» TASK GOAL: If a line in the entries below includes the string "Apartments", copy it out.

» GIVEN RECORDS:
----

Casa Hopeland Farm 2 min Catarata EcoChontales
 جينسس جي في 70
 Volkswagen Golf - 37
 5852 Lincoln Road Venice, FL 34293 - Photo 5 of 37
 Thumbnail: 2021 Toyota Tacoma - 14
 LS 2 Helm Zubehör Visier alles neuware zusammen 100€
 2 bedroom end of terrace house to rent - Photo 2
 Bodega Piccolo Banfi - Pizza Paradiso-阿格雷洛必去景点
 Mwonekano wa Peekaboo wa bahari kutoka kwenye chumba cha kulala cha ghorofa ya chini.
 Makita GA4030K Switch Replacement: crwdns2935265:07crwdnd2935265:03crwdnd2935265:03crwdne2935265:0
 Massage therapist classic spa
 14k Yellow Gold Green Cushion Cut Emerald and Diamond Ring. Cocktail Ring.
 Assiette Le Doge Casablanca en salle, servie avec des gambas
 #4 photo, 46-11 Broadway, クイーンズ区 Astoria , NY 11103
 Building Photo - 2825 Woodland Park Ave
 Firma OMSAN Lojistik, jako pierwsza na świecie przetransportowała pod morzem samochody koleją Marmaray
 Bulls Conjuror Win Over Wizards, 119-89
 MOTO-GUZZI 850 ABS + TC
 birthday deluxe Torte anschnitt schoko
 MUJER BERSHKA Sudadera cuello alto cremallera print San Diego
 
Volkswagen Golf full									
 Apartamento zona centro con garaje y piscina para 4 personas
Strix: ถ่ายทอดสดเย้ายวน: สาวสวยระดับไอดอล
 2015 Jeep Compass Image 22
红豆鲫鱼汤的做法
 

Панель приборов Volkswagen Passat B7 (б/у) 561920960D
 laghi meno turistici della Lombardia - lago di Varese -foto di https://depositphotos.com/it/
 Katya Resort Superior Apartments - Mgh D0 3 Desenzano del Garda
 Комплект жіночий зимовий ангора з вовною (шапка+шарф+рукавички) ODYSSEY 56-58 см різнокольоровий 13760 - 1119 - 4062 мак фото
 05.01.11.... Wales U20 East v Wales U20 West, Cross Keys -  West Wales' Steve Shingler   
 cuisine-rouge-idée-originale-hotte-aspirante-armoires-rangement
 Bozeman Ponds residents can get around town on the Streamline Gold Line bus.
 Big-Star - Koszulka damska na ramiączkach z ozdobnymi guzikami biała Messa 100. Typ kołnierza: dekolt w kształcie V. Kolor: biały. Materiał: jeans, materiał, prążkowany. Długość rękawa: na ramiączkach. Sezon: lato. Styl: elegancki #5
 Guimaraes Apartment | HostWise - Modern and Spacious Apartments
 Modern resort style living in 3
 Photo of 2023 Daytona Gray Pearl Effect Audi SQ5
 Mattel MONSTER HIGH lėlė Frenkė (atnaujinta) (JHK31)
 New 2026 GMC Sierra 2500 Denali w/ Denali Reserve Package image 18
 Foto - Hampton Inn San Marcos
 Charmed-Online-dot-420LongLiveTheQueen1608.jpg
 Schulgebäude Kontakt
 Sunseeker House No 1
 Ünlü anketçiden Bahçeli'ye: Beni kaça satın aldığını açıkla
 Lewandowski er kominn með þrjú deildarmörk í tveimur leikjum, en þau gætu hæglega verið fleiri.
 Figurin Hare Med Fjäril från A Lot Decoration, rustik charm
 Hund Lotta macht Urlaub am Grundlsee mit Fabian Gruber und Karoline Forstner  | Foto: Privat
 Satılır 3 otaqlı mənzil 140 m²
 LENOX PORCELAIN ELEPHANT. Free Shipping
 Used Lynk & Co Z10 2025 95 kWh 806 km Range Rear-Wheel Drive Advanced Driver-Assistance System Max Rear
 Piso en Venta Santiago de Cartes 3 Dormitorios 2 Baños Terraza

----

» RESPONSE TO THIS EXERCISE:
 Katya Resort Superior Apartments - Mgh D0 3 Desenzano del Garda
 Guimaraes Apartment | HostWise - Modern and Spacious Apartments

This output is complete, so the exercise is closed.